‘Jhund’ reinvents and reclaims Hindi Popular Cinema..

Jhund is a novel breeze in the ramshackle ruins of Mainstream Hindi cinema. Its as if, Nagraj Manjule, with his debut Hindi film is telling us all how its done. His craft is fresh, unpredictable and absolutely beautiful to watch on screen. It feels he has understood completely the rhythms and beats of cinema as well as the drug on which cinema lives and intoxicates its audiences at large. Nagraj Manjule brings cinema back to the Hindi Film scene and he does so with a silent revolting charm.
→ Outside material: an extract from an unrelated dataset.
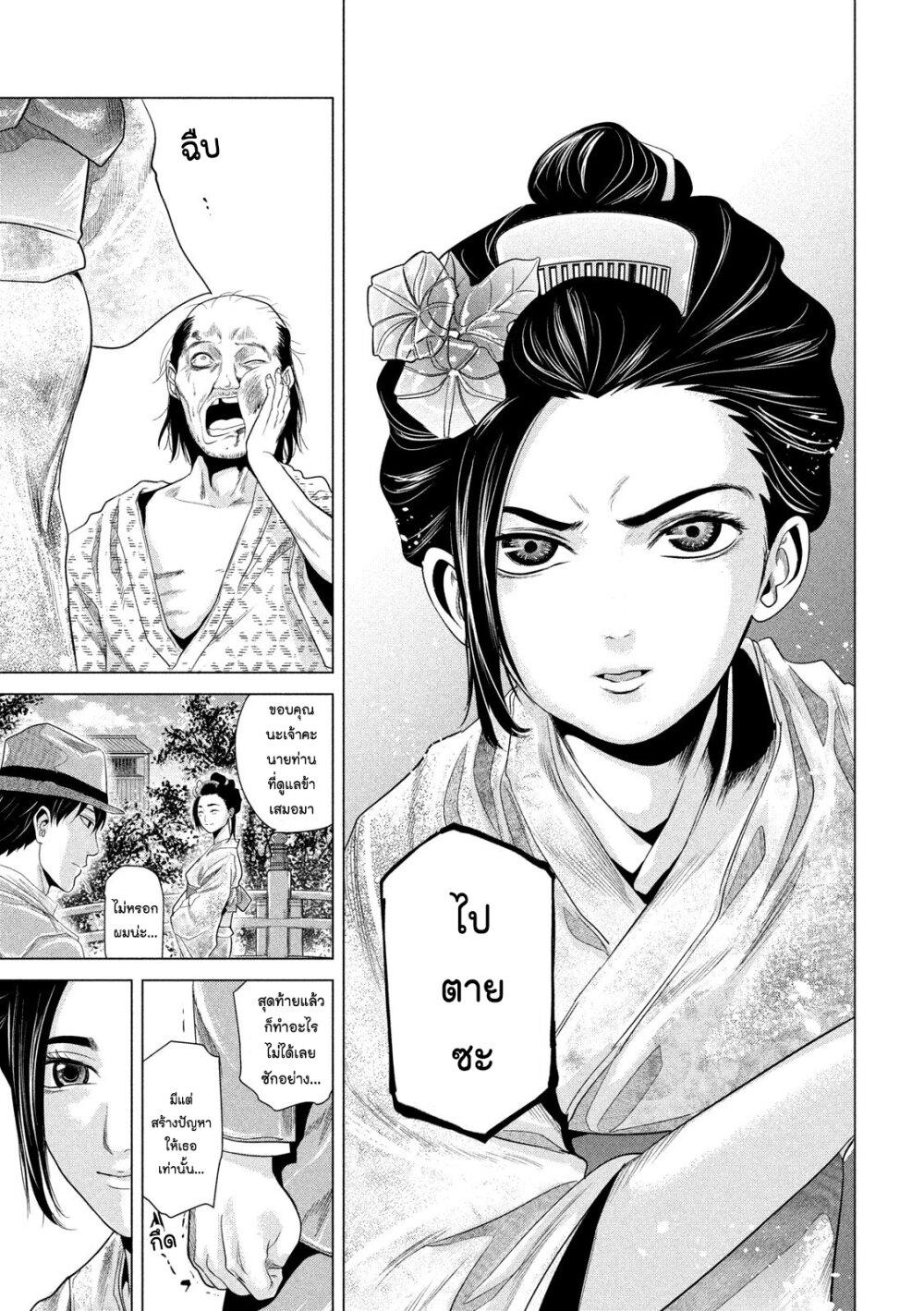 Manga-lc-com อ่านมังงะ อ่านการ์ตูน ออนไลน์ ฟรี Kubi wo Kiraneba Wakarumai ตอนที่ 1 2 3 4 5 6 7 8 9 10 11 12 13 14 ฟรี ไม่มีโฆษณา Manga-lc - อ่าน มังงะ อ่าน การ์ตูน ออนไลน์ อ่านมังงะ ฟรี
In Jhund what speaks louder are its aesthetics. They are in a constant conversation with you. Smashing its golden glitters all over your face to the point that all you can do is sit in awe of its wonder. Jhund tells you that you don’t need a star for a film to speak to you (although it stars Amitabh Bachchan), you don’t need any of the fancy stuff. All you need are smart aesthetics, something fundamental to cinema and what recently was beginning to get lost in the smoke of makers creating only certain type of films with a very formulaic, lazy way of storytelling. Nagraj doesn’t indulge in dialoguebaazi or moral lessons or sudden realisations, something one would expect from the film’s subject matter and cast, but instead he creates magic just through his frames by just pure, unmatched storytelling. Scene after scene, as it was being played before me, I felt happy to be witnessing such profundity through visuals and by the end, I was left teary eyed. Cinema is not yet dead. Nagraj comes to revive it.
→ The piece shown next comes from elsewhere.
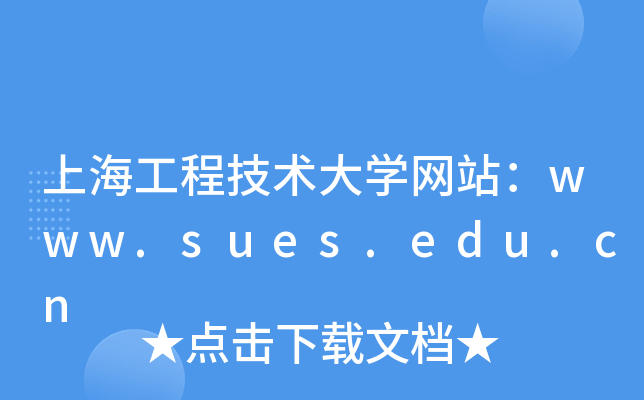 Ϻ̼g(sh)W(xu)W(wng)վwww.sues.edu.cn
The eye with which Nagraj sees the world of the marginalized is one of deep empathy and so we don’t judge the characters. They are just a product of their place, of an oppressive and unjust system which makes them so, which fills their innocent growing years with fuels of violence. We stay with them, breathe with them, abuse with them and end up feeling so much for them. Nagraj takes us to the lanes of the other side, where garbage is being dumped by people of high society, where the old drink day and night and the young are involved in petty crimes. They all have hardened because of the way life has been hard to them, their humanity hidden beneath a sheath of oppression. And we see all this with extreme sense of empathy and love, bringing us closer to the people.  While in Fandry and Sairat we see a dangling sense of hopelessness cloud over, Jhund gives rise to a hundred suns that pass through the messiness and emanate light.

Jhund shows the other side without ‘othering’ it. It has some minor glitches in its writing but the sheer magnificence of its telling outweighs everything. It is an important film both sociologically and as a piece of art. It manages to create new ways to bring forth its ideas thereby incorporating a garland spreading its fragrance throughout. Nagraj is the nightingale singing his tunes to glory, spreading its magic in the air, and in the process reclaiming the shoddy paths of popular Hindi Cinema. Bow to thee sire!